### Supplied entries
────

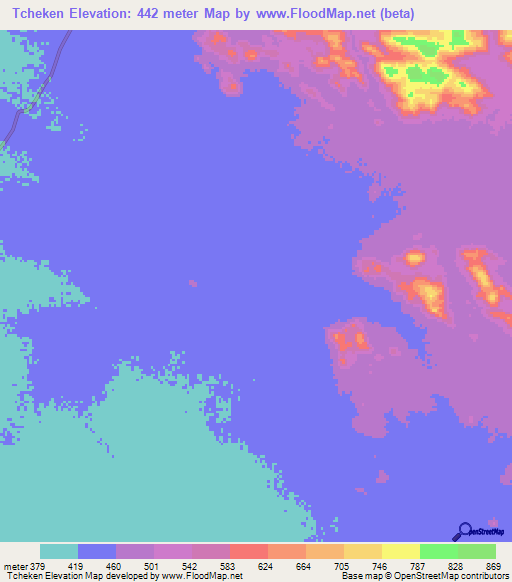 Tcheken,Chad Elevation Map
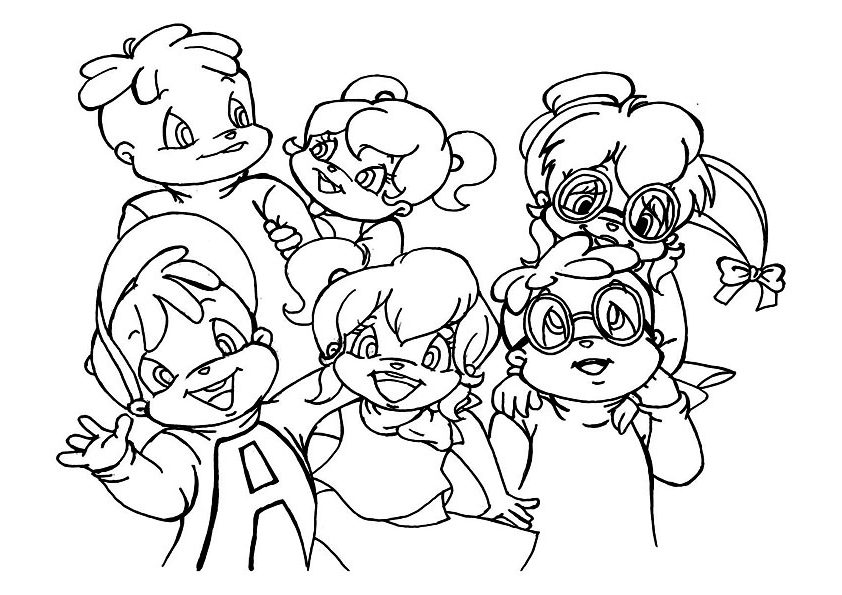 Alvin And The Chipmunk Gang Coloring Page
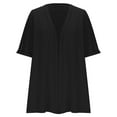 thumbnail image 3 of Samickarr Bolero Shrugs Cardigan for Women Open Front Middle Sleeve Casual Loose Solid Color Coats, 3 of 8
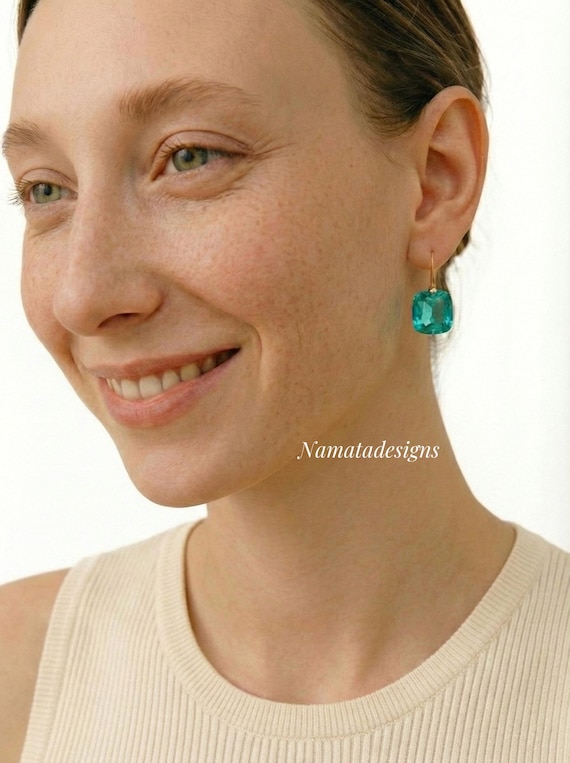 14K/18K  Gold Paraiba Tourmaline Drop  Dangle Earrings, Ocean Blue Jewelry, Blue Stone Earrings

────

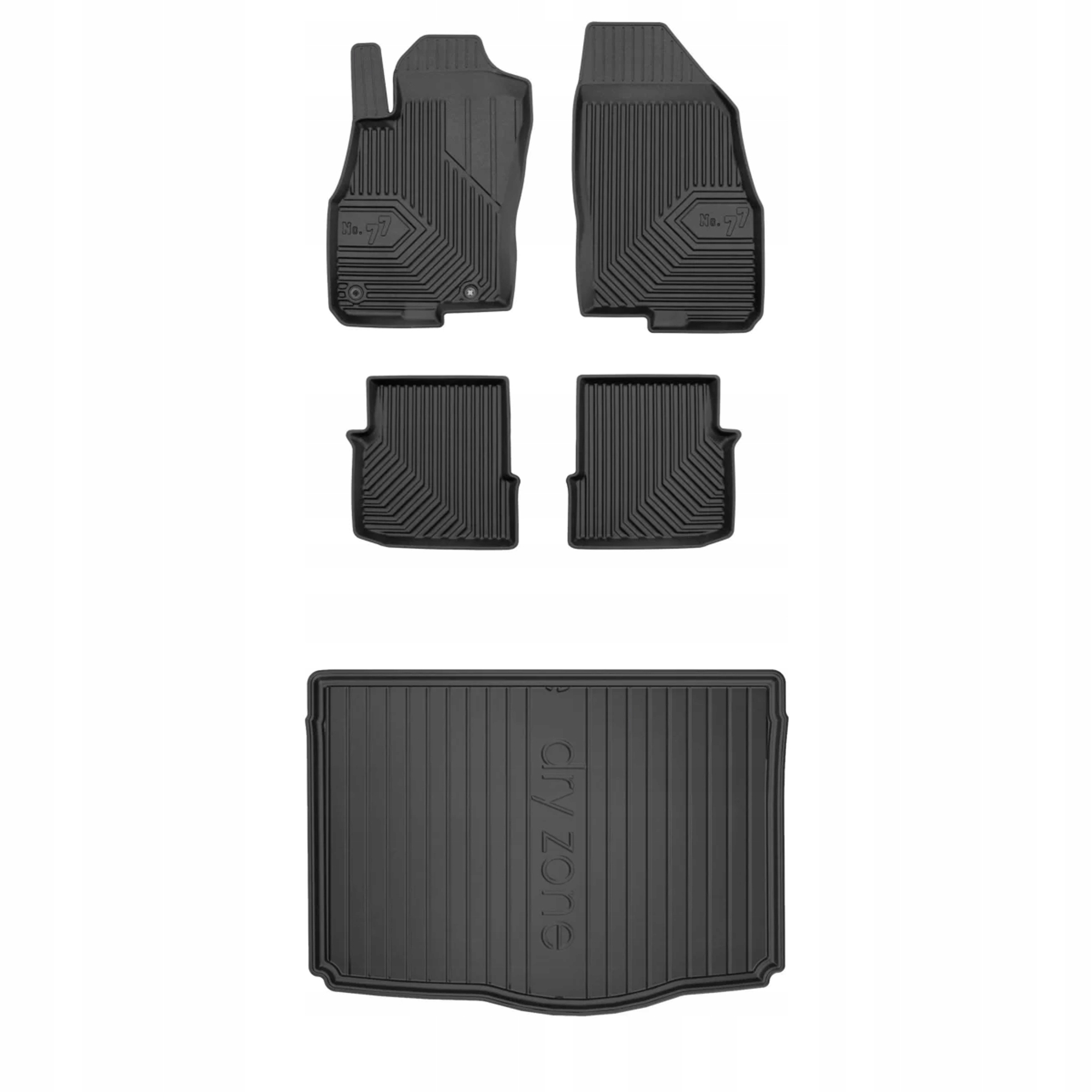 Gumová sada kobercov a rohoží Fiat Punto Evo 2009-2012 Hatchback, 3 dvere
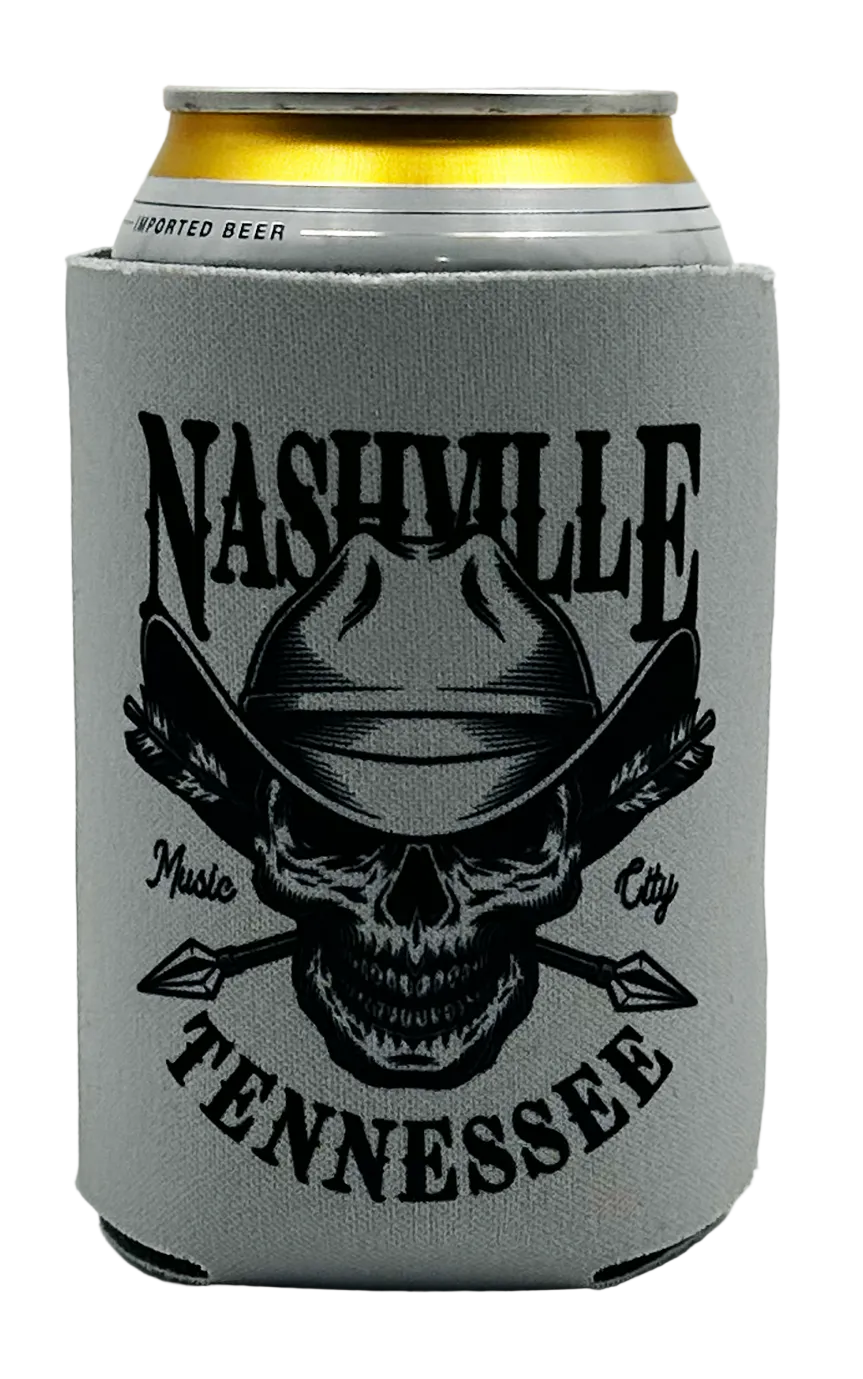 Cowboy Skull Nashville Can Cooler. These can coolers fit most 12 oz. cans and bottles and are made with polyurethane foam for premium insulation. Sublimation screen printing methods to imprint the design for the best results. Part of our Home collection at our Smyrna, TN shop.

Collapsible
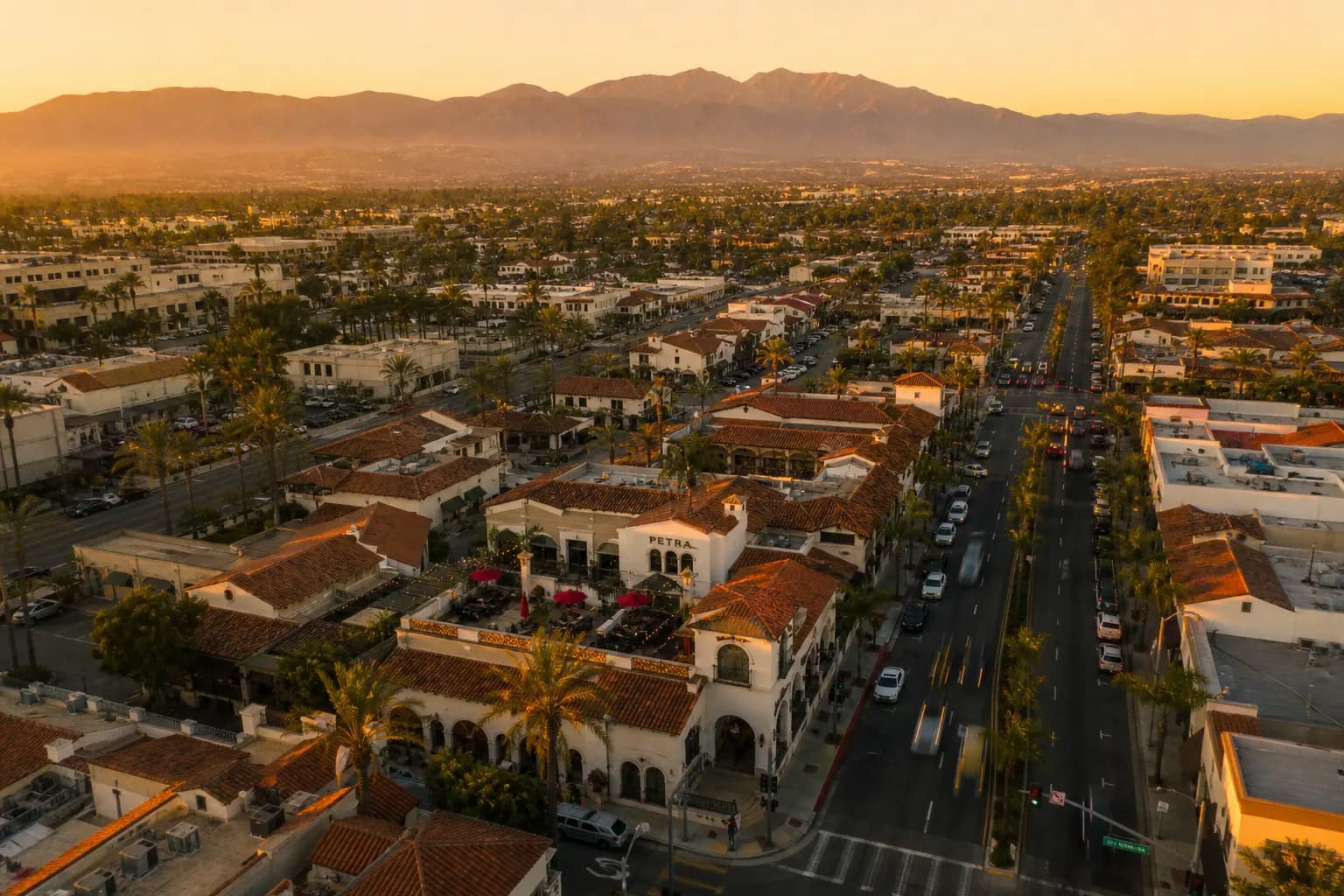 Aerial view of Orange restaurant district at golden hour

────

### What you need to do
After locating "Tcheken,Chad Elevation Map" and "Blue Stone Earrings" in the records above, return exactly the line holding each one and every line between them; leave out the pictures.

### Output of the exercise
 Tcheken,Chad Elevation Map
 Alvin And The Chipmunk Gang Coloring Page
 thumbnail image 3 of Samickarr Bolero Shrugs Cardigan for Women Open Front Middle Sleeve Casual Loose Solid Color Coats, 3 of 8
 14K/18K  Gold Paraiba Tourmaline Drop  Dangle Earrings, Ocean Blue Jewelry, Blue Stone Earrings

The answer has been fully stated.